A float plane touches down on the water in King Salmon, Alaska. Photo by Jeremy Bishop/Unsplash
A float plane touches down on the water in King Salmon, Alaska. Photo by Jeremy Bishop/Unsplash

State fisheries biologists are forecasting a run of 37.9 million fish coming into Bristol Bay this summer, with a potential inshore surplus of 25 million reds, in the world’s largest wild sockeye salmon fishery.  

The commercial salmon season in Bristol Bay opens on June 1, but the first big surge of the returning sockeyes traditionally occurs around the Fourth of July. The fishery is managed on the basis of in-season abundance and run timing for each district. 

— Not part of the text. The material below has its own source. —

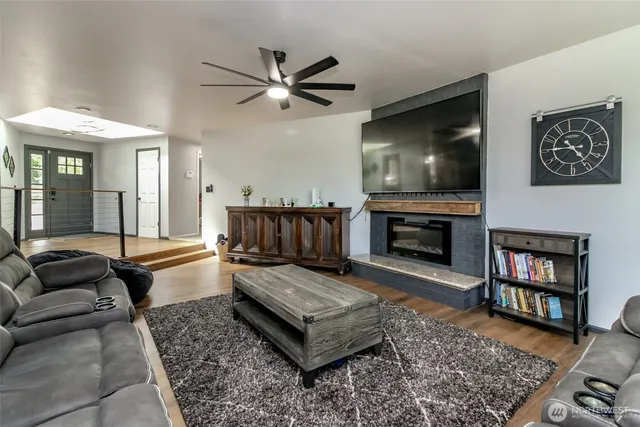 a dining room with furniture and wooden floor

Alaska Wildlife Troopers said they are concerned about underreporting of Chinook salmon harvested in the Bristol Bay fishery and that they will be boarding tenders to check for undocumented kings. Also Pacific salmon, including king and coho, must be reported on fish tickets at time of delivery even when taken but not sold.   

Wildlife Troopers also said they will be conducting routine boardings of draft gillnet and processor vessels and beach patrols to verify licensing and permitting regulations are met. Vessel length, net length, net depth, and vessel and gear identification markings also are to be checked. 

Fishermen are also reminded to review regulations for gillnet specifications and operations.  Regulations prohibit draft gillnet fishing when the net or vessel to which the net is attached is grounded. 

Fishing in eastside districts and the Togiak District will be allowed using a weekly schedule that varies by section. These schedules are in place to balance fishing opportunity with escapement in the early part of the season, particularly for king salmon. Fishing time will be adjusted within individual districts as each run develops and sockeye salmon run characteristics become defined, state biologists said.   


In the Nushagak District, management will follow the Nushagak King Salmon Action Plan, with the focus on king salmon in the early part of the season, and switch to sockeye management as abundance and regulation dictates. 

An inshore run of some 15 million sockeyes is expected for the Naknek-Kvichak District. Based on the forecast and escapement goals, the projected surplus for the Naknek-Kvichak is about 8.1 million sockeyes, 2.5 million from the Kvichak River, 1.1 million from the Alagnak River, and 4.4 million from the Naknek River. Red salmon returning to the Naknek-Kvichak District are predicted to be 53% age 1.2, 32% age 1-3, 10% age 2.2, and 5% age 2.3 fish. 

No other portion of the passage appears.